### About this exercise
Exactly as written, return the entries below, minus any pictures.

(Crawled caption data)
►

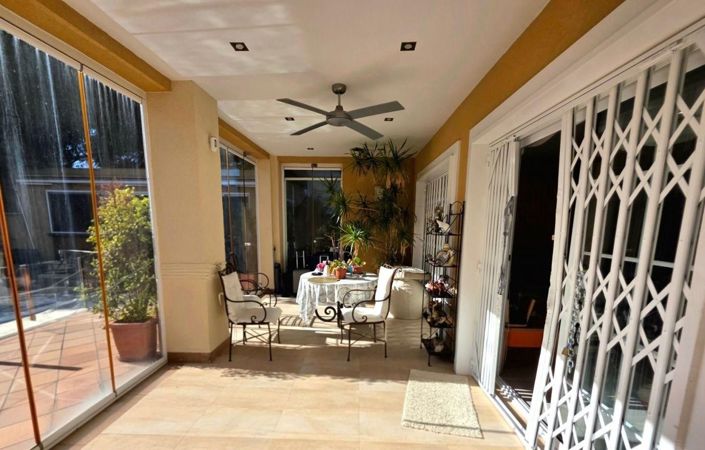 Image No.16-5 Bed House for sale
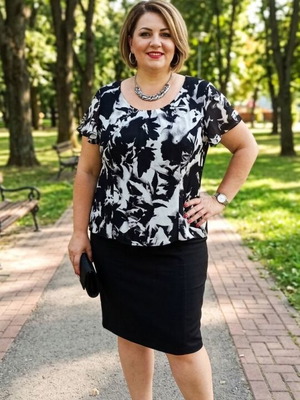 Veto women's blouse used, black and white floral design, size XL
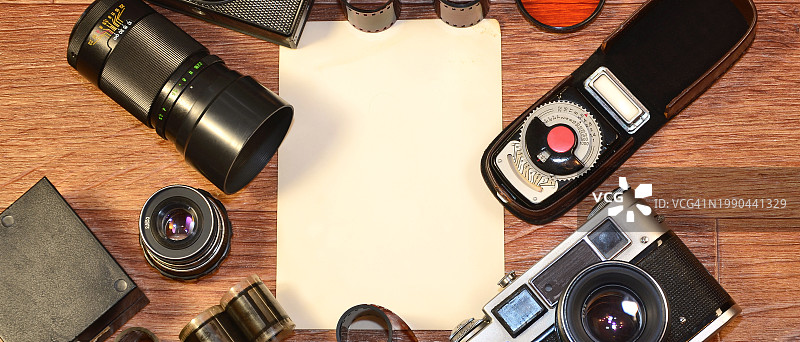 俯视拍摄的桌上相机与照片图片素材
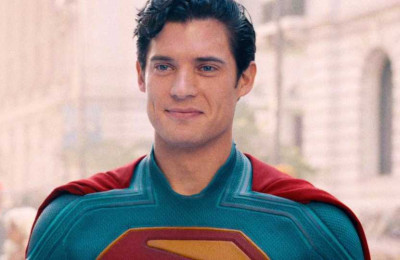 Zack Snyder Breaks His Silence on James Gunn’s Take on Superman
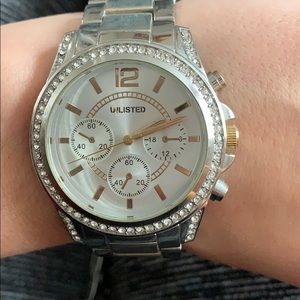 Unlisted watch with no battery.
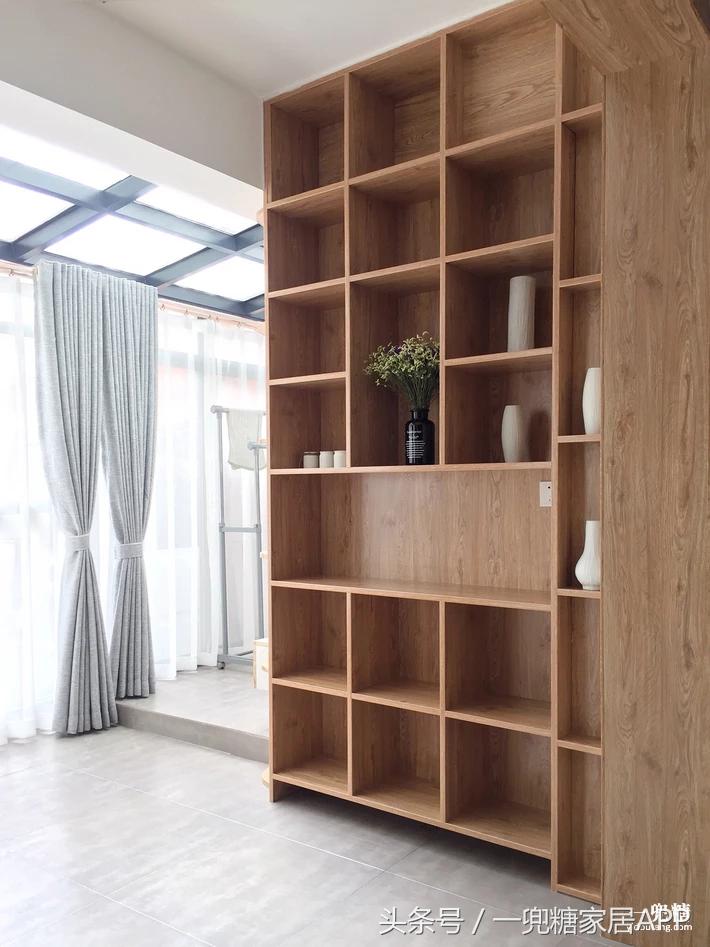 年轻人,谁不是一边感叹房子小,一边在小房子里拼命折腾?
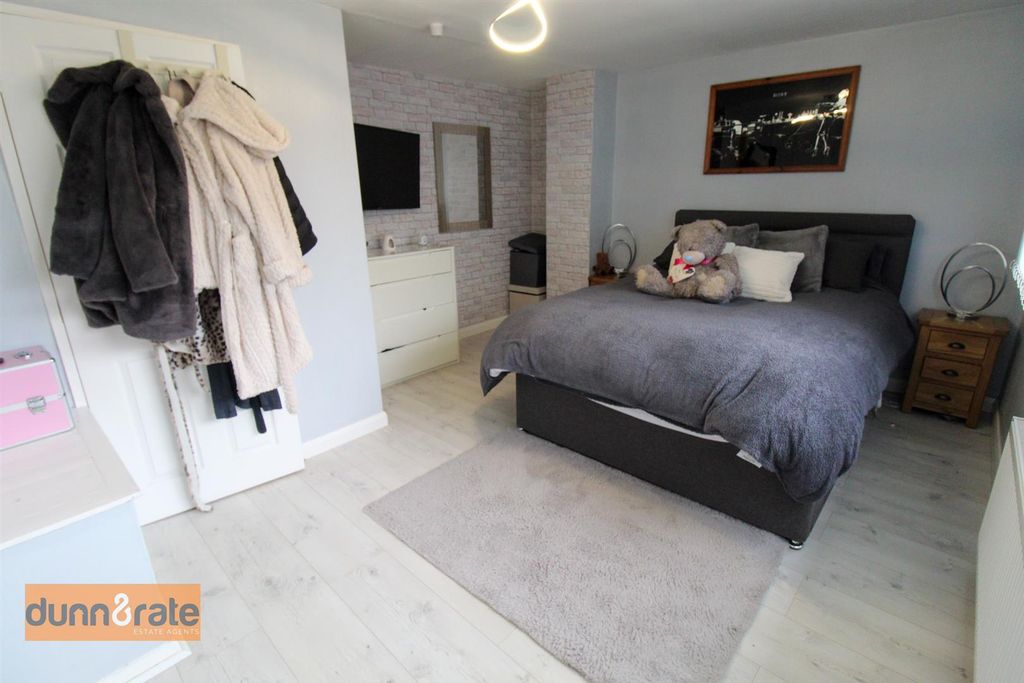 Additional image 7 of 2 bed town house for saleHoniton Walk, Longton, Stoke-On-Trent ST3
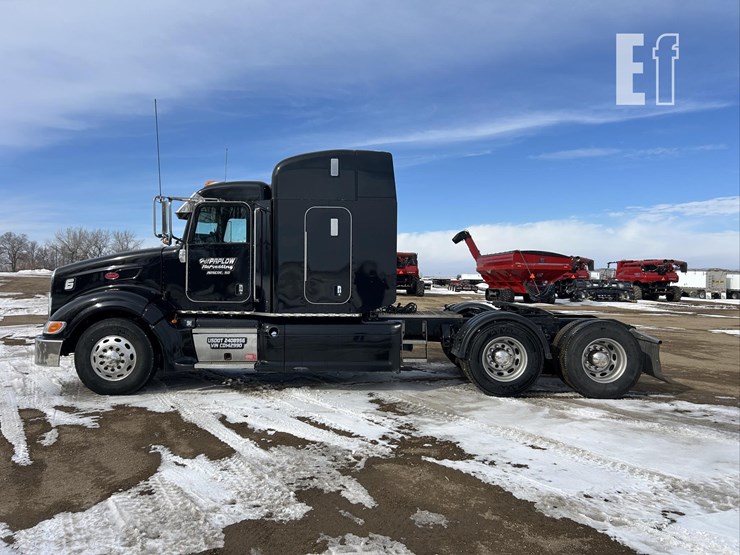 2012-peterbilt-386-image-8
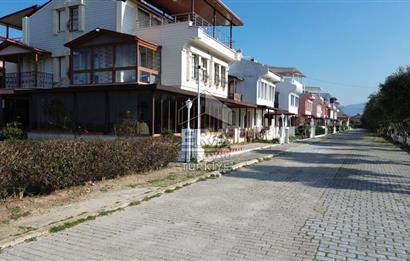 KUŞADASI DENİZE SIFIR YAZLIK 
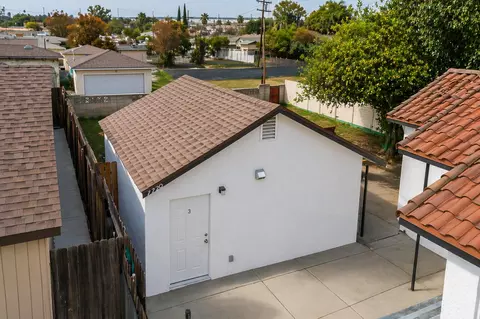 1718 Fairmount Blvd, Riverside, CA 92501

◄

### Task answer
 Image No.16-5 Bed House for sale
 Veto women's blouse used, black and white floral design, size XL
 俯视拍摄的桌上相机与照片图片素材
 Zack Snyder Breaks His Silence on James Gunn’s Take on Superman
 Unlisted watch with no battery.
 年轻人,谁不是一边感叹房子小,一边在小房子里拼命折腾?
 Additional image 7 of 2 bed town house for saleHoniton Walk, Longton, Stoke-On-Trent ST3
 2012-peterbilt-386-image-8
 KUŞADASI DENİZE SIFIR YAZLIK 
 1718 Fairmount Blvd, Riverside, CA 92501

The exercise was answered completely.